### Working data
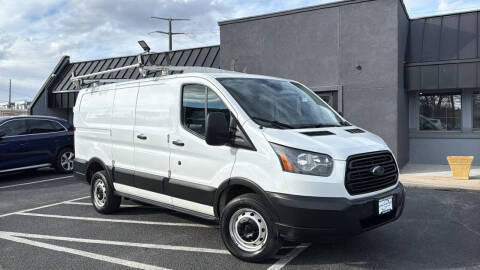 2019 Ford Transit Van  RWD photo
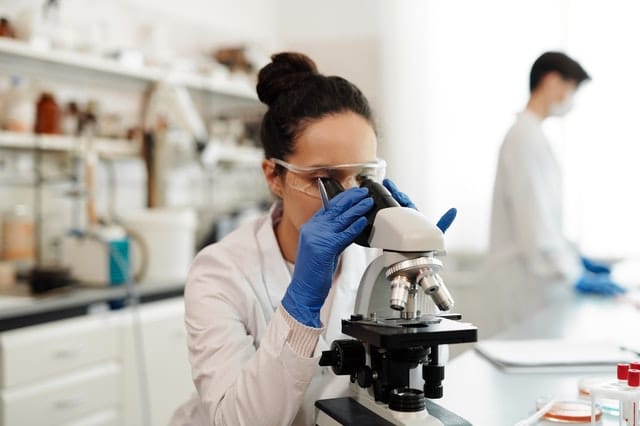 How to Start a Medical Lab Business: 6 Important Things You Should Know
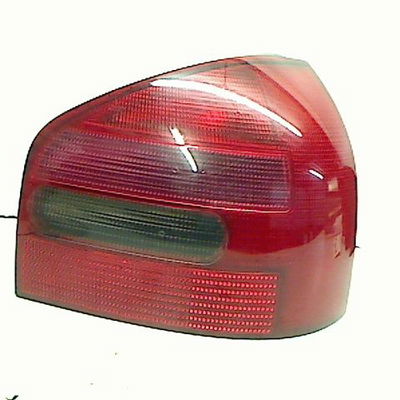 Feu arrière droit Audi A3 (8L1) 1.9 tdi (1996-2001)
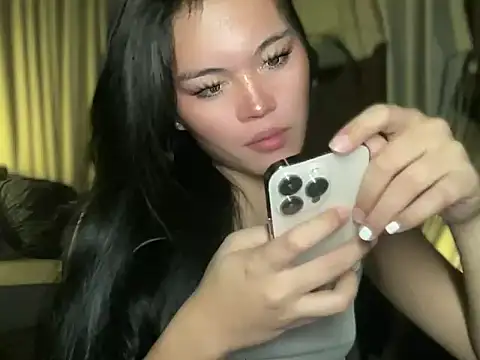 Lilly cruz online show from November 8, 2025, 5:11 am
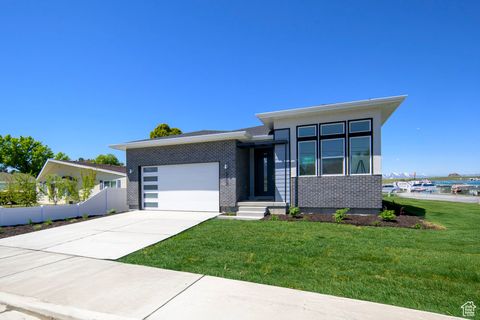 Photo of 234 W WATERSTONE CIR, Murray, UT 84107 (MLS # 2118744)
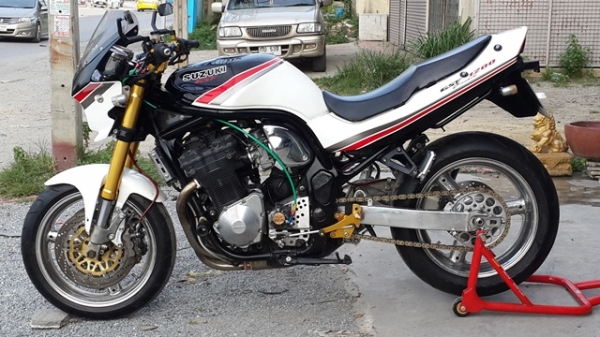 ขาย ซูซูกิ แบนดิท 1200cc. แต่งเต็มๆเครื่องสดๆรถพร้อมใช้ทะเบียนพร้อมโอน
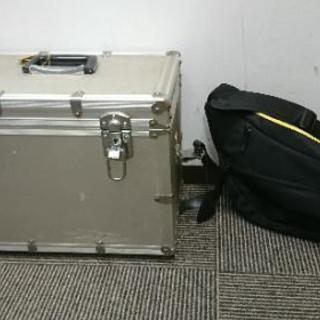 USED アルミ製 カメラ用バッグ 2個 鍵付き セット売り ハ...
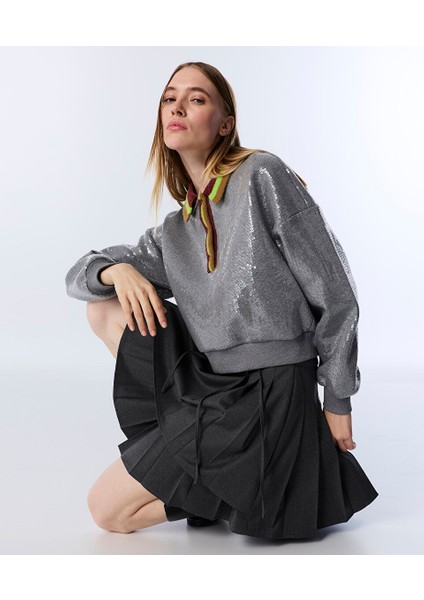 PAYETLİ KONTRAST YAKA SWEATSHIRT TW6250091046036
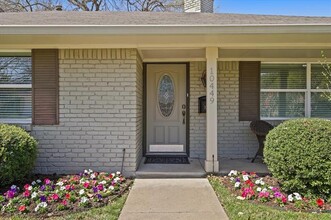 10449 Royal Club Ln in Dallas, TX - Building Photo - Building Photo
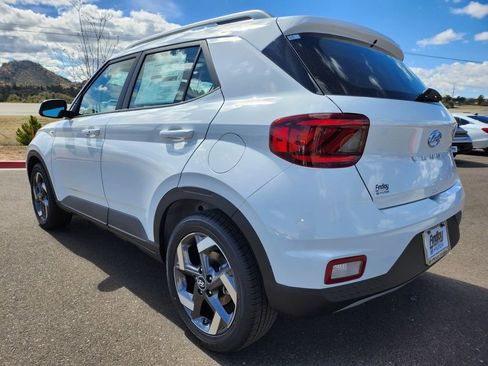 New 2026 Hyundai Venue SEL FWD image 6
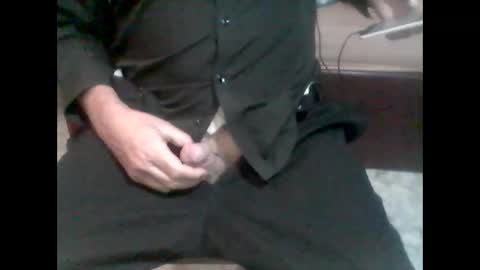 Snapshot of nickthefiddler chatting on October 26, 2025, 11:20 pm TheCock online show from October 26, 2025, 11:20 pm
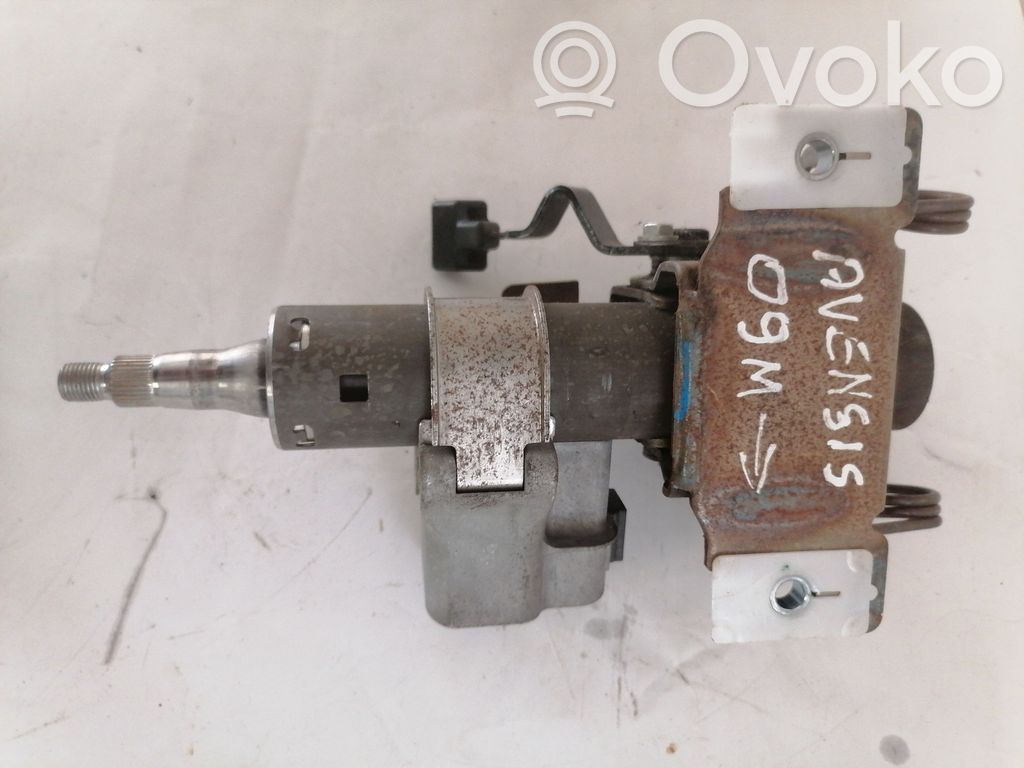 Toyota Avensis T270 Vairo rato ašis 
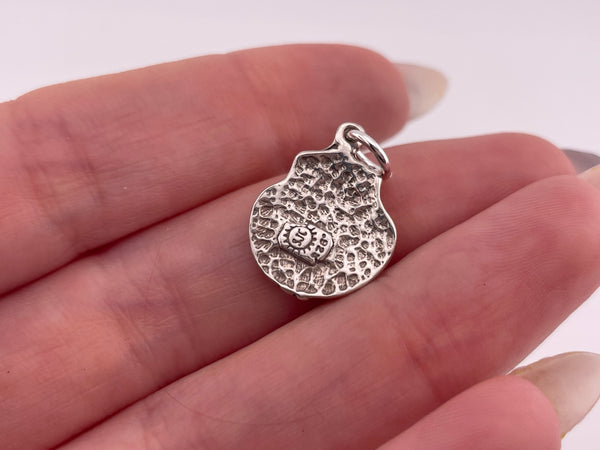 sterling silver scallop shell pendant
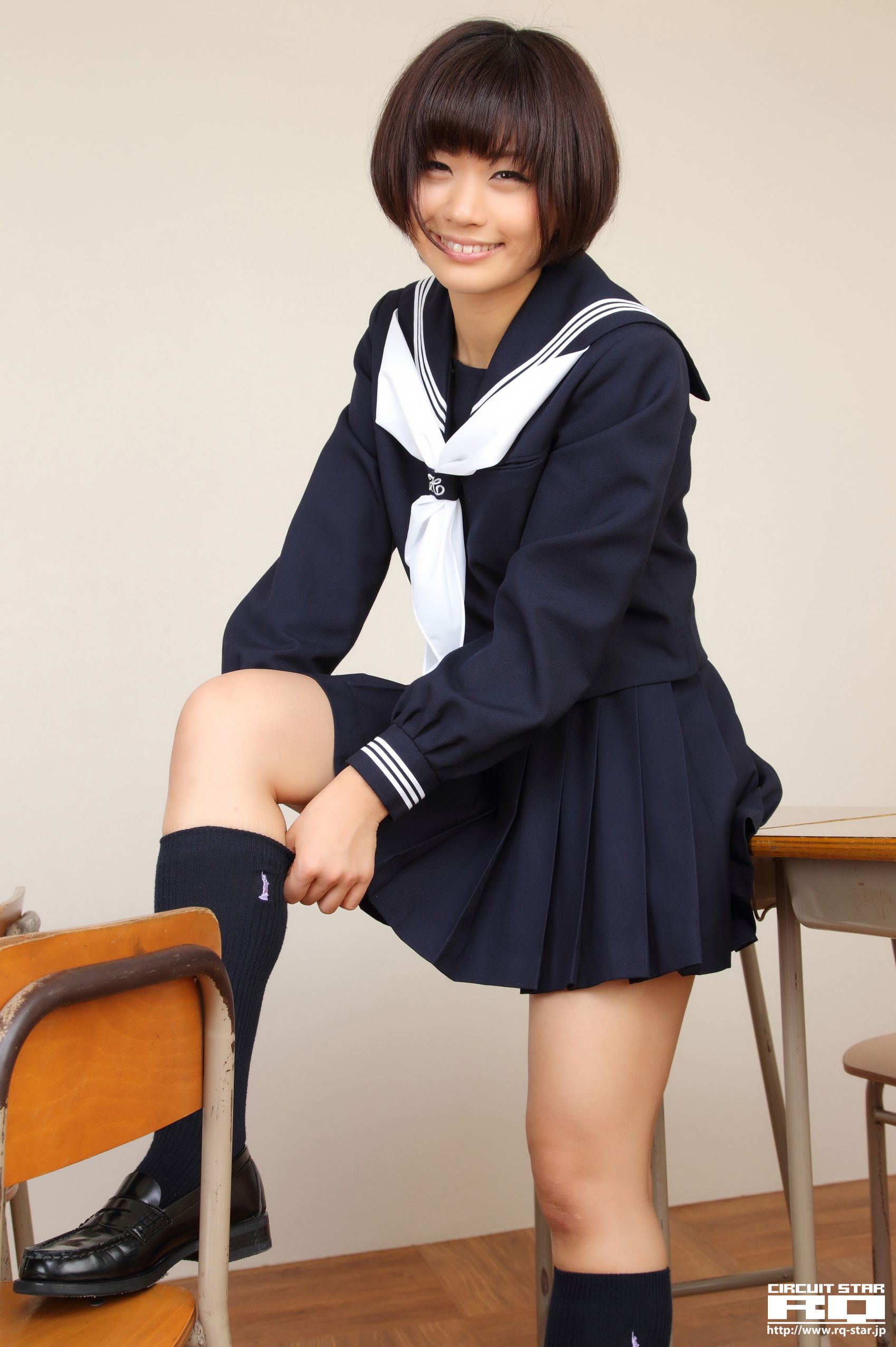 [RQ-STAR] NO.00615 安枝瞳 Sailor Girl 校服系列 写真集
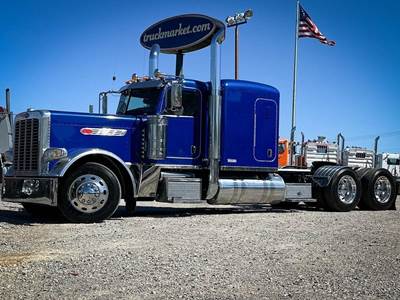 Peterbilt 389 Sleeper Semi Truck - Detroit 500HP, 13 Speed Manual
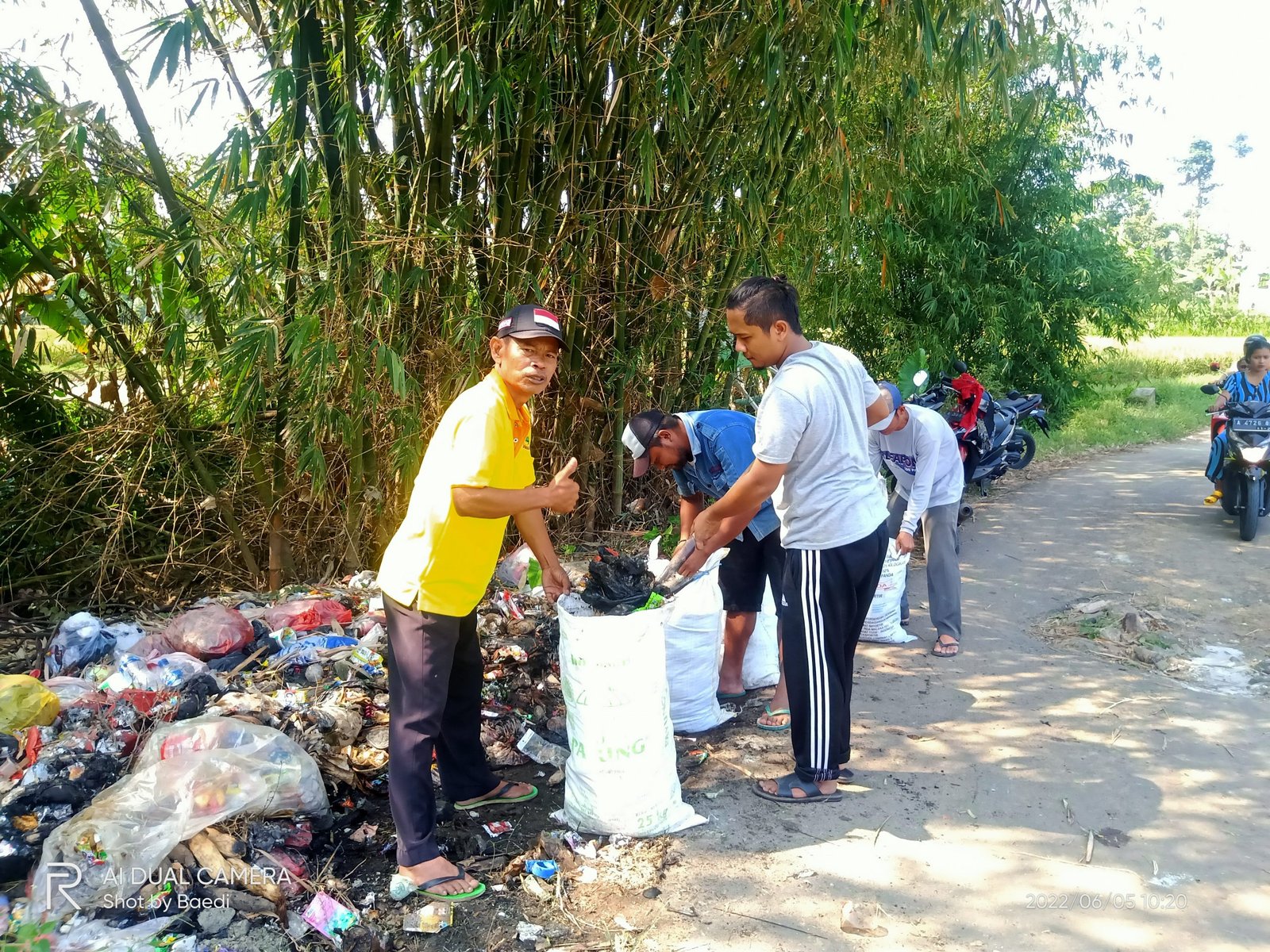 Peduli Kesehatan,Karang Taruna Desa Sukmanah Bersihkan Sampah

### Required work
Your answer must be the lines from the one containing "sterling silver scallop shell pendant" through the last line of the records, copied exactly, with no pictures.

### Result of the task
 sterling silver scallop shell pendant
 [RQ-STAR] NO.00615 安枝瞳 Sailor Girl 校服系列 写真集
 Peterbilt 389 Sleeper Semi Truck - Detroit 500HP, 13 Speed Manual
 Peduli Kesehatan,Karang Taruna Desa Sukmanah Bersihkan Sampah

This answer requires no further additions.